== Supplied material ==
□ □ □
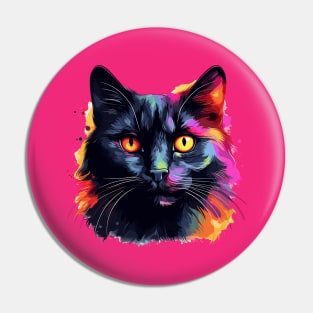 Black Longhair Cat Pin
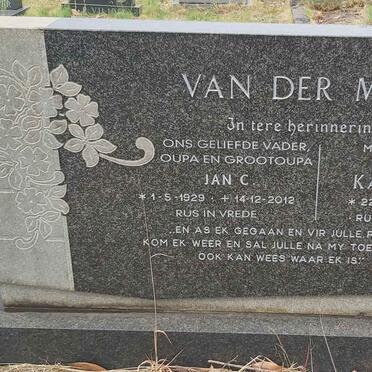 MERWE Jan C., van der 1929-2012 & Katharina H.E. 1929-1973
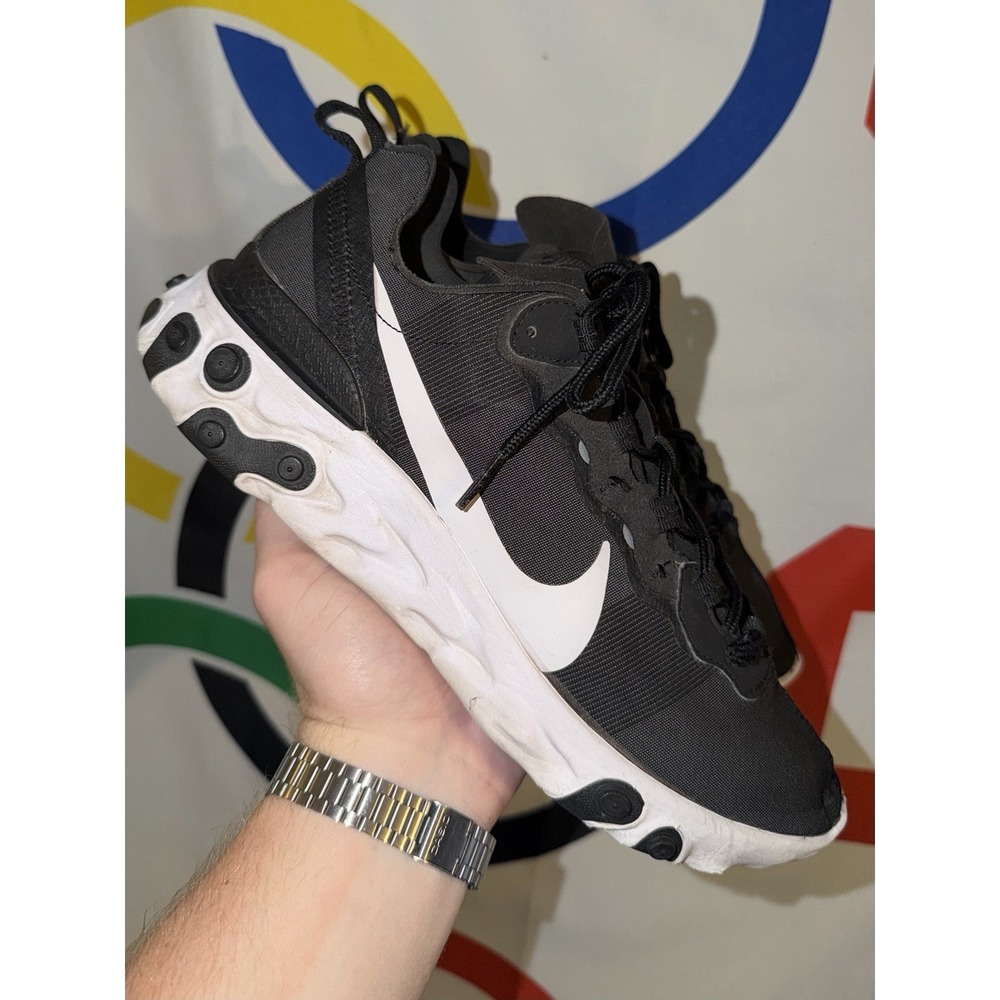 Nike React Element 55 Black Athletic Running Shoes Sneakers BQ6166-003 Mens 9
□ □ □
== Problem statement ==
From the line that holds "MERWE Jan C., van" to the last line of the data, return those lines exactly and nothing else; both ends count, and pictures stay out.

== Solution for this task ==
 MERWE Jan C., van der 1929-2012 & Katharina H.E. 1929-1973
 Nike React Element 55 Black Athletic Running Shoes Sneakers BQ6166-003 Mens 9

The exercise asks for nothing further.